A viagem de navio para o Brasil, os primeiros anos no Brasil praticamente apagados. Cenas esparsas, algum ou outro amigo ou colega de trabalho ou de faculdade. Dos primeiros anos de casamento sobrou aquela sensação de muito trabalho e do estudo noturno, e da estafa permanente e o invariável estresse para equilibrar o orçamento. 

Meus filhos nasceram em 1966 e 1968, anos conturbados da nossa mocidade .... mas estranhamente não consigo ligar as duas séries de coisas, a minha vida pessoal e os distúbios políticos, como se tivessem acontecido em planetas ou séculos separados. 

Lembro bem de meu primeiro apartamento .... mas a casa que comprei em seguida e na qual moramos 4 anos, sumiu completamente. Passando na frente dela, ela é uma perfeita estranha, que não toca nenhuma campainha! 

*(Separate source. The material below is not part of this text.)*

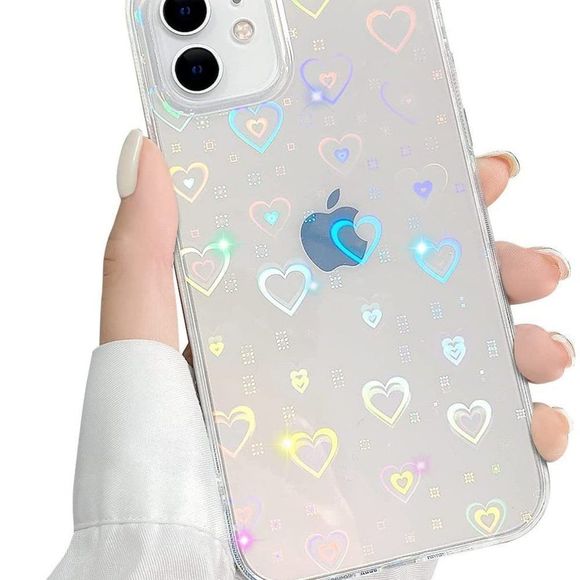 Fycyko Compatible with iPhone 11 Case with Clear Glitter Heart Pattern for Women - Picture 7 of 8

Viagens fiz, de que não lembro nada e olhando a foto, só posso ficar perplexo de eu estar posando na frente de um monumento ou coisa assim. 

Sim, lembro de coisas, como carros, de algumas viagens, de alguns poucos episódios, de alguns amigos específicos .... mas muito, muito mesmo, simplesmente desapareceu ... é como se nunca tivesse acontecido. Mas certas coisas, banais mas poderosas, voltam .... como por exemplo, o cheirinho gostoso da madeira entalhando no pirogravo.

Hoje, a rigor, minha biografia, consistiria das coisas que penso ou sinto, muito mais do que os eventos que aconteceram comigo. Não que considero minha vida extremamente banal, tenho afortunadamente uma boa vida, mas minha vida "interna" parece tomar uma grande precedência sobre o dia-a-dia, as viagens, as festas, os eventos ... 

Um evento que me marcou e que me retorna claramente ... quando era moço (fim da adolescência), escrevia bastante, havia pelo menos um caderno cheio que, um dia, num arroubo de revolta contra a vida que exigia de mim eficiência e dedicação às banalidades necessárias à sobrevivência, joguei fora. Junto com meus desenhos e pinturas que ninguém parecia apreciar, meus discos que ninguém entendia, meus livros que falavam de coisas que "não tinham rendimento econômico imediato", etc ... 

Junto com este jogar fora, apaguei também as memórias daquela época e por mais que faça esforço, muito pouco volta. Foi bom por um lado, acabei me direcionando para o estudo universitário, uma carreira na indústria, um casamento sensato ... e como conseqüência, hoje tenho uma vida cômoda. 

Mas joguei fora muito de minha espontaneidade, meu eu legítimo e natural, e me enquadrei em um "papel" necessário numa vida, racional, eficiente, mas talvez não totalmente marcante para se lembrar. 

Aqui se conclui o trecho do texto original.